Silvergate, once known as a crypto-friendly bank, faces significant changes as CEO Alan Lane and two other key executives prepare to leave.
Alan Lane and the firm’s chief legal officer, John Bonino, will step down on Aug. 15. Antonio Martino, the chief financial officer, will leave on Sept. 30.
The departures were confirmed in an Aug. 15 filing with the US Securities and Exchange Commission (SEC) by the parent company, Silvergate Capital. The document outlined that the executives’ departures are part of the bank’s ongoing voluntary liquidation process, which has been the firm’s priority for months.
The three executives will receive severance benefits but won’t be subject to compensation from the company.
Kathleen Fraher, Silvergate’s chief risk officer, will step up as the chief transition officer.

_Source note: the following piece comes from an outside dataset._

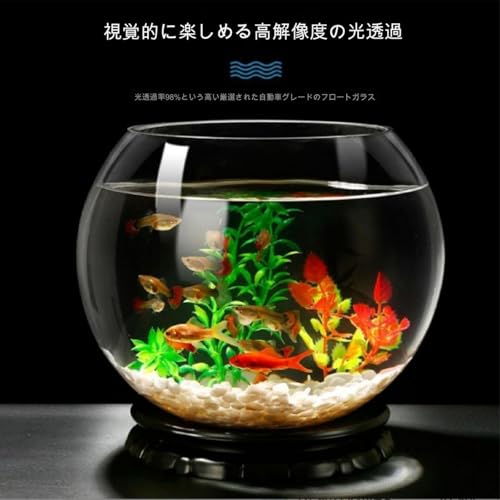 金魚鉢 6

Chief accounting officer Andrew Surry will fulfill principal financial officer duties.
The company does not expect to appoint new top-level executives because of the plan to pursue bank liquidation.
Silvergate struggles with legislators amid massive losses
Silvergate’s downfall began after legislators criticized the bank for failing to control transactions between the now-defunct Alameda Research and FTX. The firm revealed a $1 billion net loss in 2022’s fourth financial quarter, leading major clients like Coinbase to sever ties.
The bank’s instant settlement platform, SEN, was a staple of its business, used heavily by institutional crypto clients. However, the Federal Deposit Insurance Corporation highlighted the risk of serving multiple crypto clients, stating that the practice can introduce liquidity risks.
Silvergate’s troubles became apparent when users withdrew $8.1 billion in crypto deposits in the final fiscal quarter of last year, coinciding with the collapse of FTX. To weather the withdrawals, the company tapped the Federal Home Loan Bank for a $4.3 billion loan and sold around $5.2 billion in debt securities, actions that drew scrutiny from US Senators.